__Task statement__. An exact repetition of every entry, with no images, is the required answer.

----------------------------------------

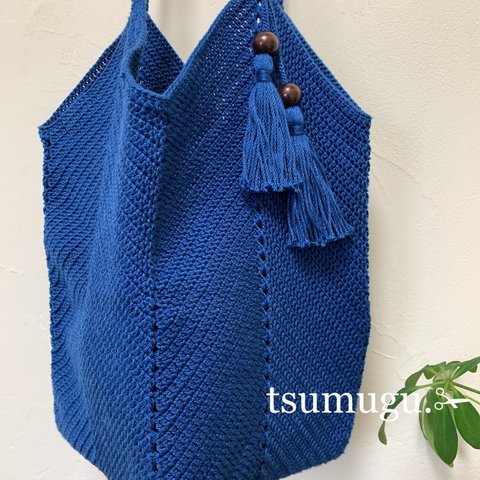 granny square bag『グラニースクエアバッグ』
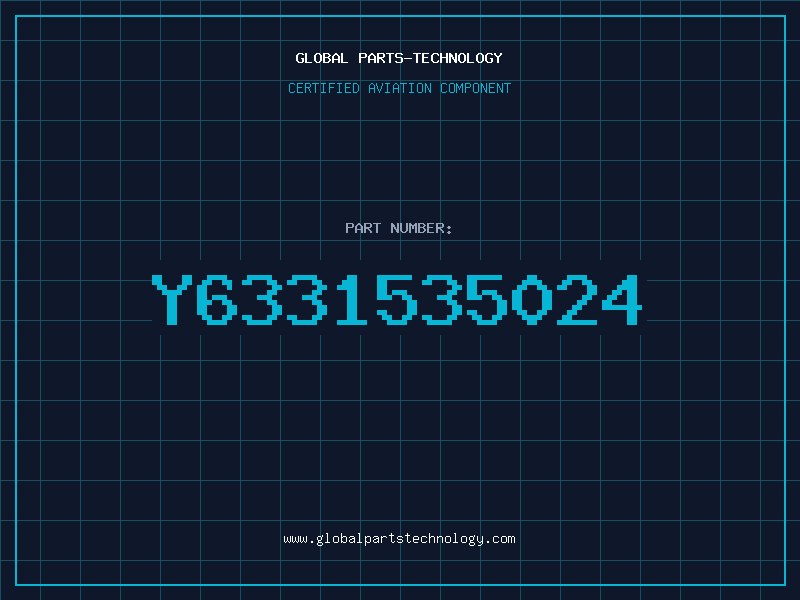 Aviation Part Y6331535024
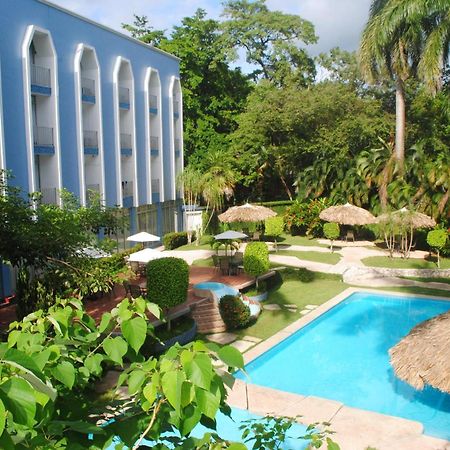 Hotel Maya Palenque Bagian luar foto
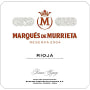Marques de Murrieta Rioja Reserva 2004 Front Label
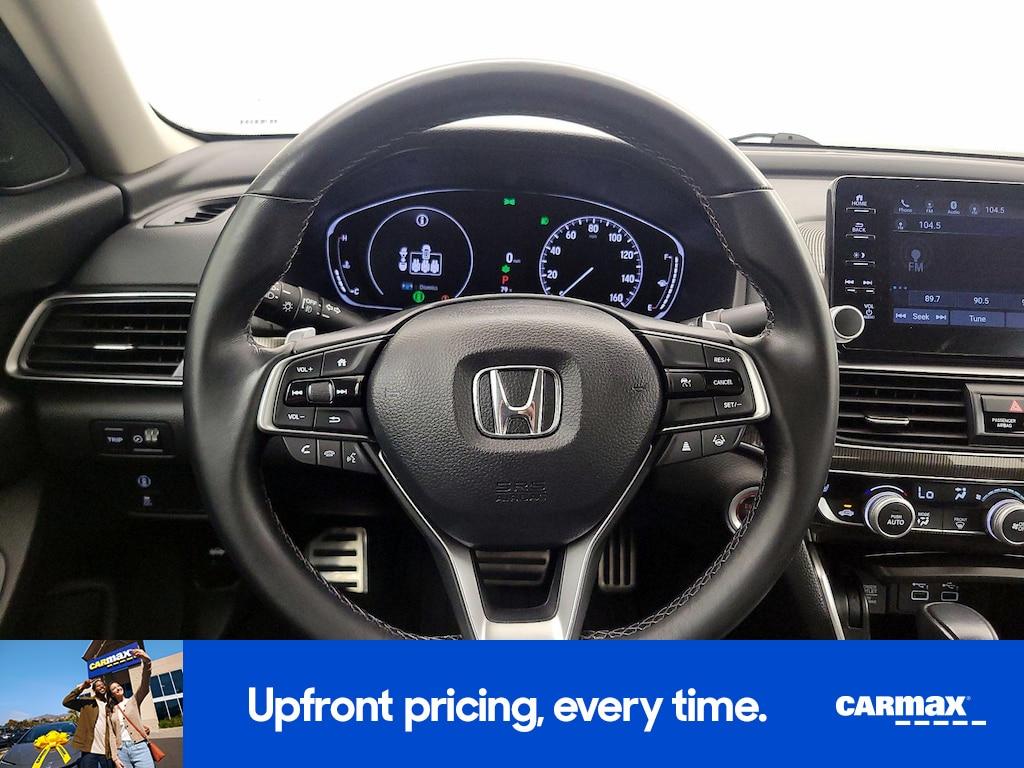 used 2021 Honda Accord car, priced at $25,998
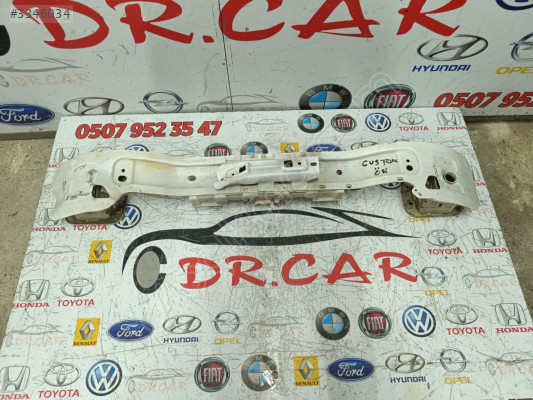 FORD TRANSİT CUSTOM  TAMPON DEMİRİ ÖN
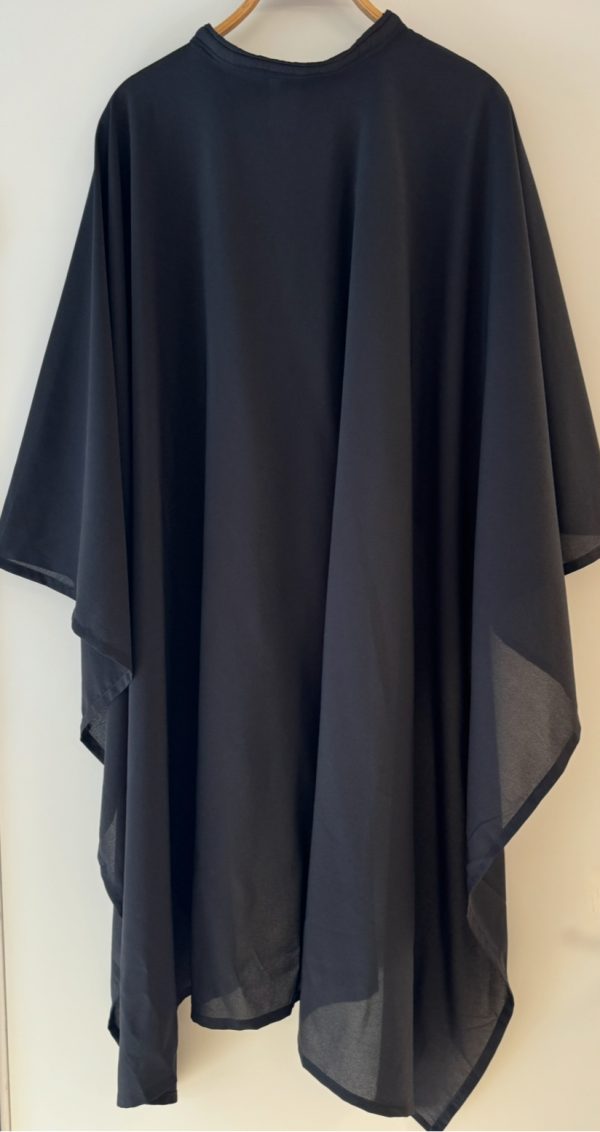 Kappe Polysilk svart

----------------------------------------

__Solution to this problem__.
 granny square bag『グラニースクエアバッグ』
 Aviation Part Y6331535024
 Hotel Maya Palenque Bagian luar foto
Marques de Murrieta Rioja Reserva 2004 Front Label
 used 2021 Honda Accord car, priced at $25,998
 FORD TRANSİT CUSTOM  TAMPON DEMİRİ ÖN
 Kappe Polysilk svart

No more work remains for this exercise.